### What is expected
In the records below, the line with "Klettini® Krankenwagen, Klett-Stapelspielzeug" opens the range and the line with "Cloud server automation" closes it; print that range exactly and nothing else.

━━━━━━━━━━

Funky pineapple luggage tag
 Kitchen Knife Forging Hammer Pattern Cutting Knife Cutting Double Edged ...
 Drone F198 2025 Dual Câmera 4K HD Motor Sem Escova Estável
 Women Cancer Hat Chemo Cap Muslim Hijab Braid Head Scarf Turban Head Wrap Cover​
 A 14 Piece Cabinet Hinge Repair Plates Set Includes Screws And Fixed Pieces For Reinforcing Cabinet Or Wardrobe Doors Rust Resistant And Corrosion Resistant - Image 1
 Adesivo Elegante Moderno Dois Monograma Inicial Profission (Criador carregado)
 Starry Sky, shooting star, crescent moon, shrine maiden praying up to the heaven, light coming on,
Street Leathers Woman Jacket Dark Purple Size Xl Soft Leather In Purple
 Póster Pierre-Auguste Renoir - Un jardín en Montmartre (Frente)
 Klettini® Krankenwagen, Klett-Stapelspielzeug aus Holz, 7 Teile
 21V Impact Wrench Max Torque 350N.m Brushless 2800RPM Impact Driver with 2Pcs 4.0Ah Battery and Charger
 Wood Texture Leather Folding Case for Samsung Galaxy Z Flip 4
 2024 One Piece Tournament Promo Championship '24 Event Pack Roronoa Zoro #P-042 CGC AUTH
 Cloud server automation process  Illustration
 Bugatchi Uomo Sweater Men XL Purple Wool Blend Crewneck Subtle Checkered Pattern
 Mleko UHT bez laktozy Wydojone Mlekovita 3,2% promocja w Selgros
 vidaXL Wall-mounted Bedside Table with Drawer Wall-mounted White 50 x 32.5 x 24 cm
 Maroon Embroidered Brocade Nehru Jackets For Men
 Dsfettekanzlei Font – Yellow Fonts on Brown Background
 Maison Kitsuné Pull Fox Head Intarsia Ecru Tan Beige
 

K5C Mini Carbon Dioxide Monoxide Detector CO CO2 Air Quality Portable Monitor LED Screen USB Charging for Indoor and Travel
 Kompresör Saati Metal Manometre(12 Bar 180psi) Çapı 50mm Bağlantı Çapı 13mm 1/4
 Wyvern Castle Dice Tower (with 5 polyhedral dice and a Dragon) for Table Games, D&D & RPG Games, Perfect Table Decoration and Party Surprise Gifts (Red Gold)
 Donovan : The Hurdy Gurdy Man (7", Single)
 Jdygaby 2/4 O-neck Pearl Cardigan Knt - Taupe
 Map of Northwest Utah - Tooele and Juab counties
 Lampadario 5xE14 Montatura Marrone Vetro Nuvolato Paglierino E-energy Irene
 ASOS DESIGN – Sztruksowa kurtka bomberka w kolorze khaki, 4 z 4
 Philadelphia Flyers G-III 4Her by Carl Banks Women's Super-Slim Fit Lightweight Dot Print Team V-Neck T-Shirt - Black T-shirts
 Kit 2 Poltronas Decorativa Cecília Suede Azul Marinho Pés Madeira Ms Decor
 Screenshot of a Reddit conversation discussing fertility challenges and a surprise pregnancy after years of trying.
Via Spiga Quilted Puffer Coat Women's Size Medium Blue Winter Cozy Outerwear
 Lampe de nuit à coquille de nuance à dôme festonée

━━━━━━━━━━

### Result of the exercise
 Klettini® Krankenwagen, Klett-Stapelspielzeug aus Holz, 7 Teile
 21V Impact Wrench Max Torque 350N.m Brushless 2800RPM Impact Driver with 2Pcs 4.0Ah Battery and Charger
 Wood Texture Leather Folding Case for Samsung Galaxy Z Flip 4
 2024 One Piece Tournament Promo Championship '24 Event Pack Roronoa Zoro #P-042 CGC AUTH
 Cloud server automation process  Illustration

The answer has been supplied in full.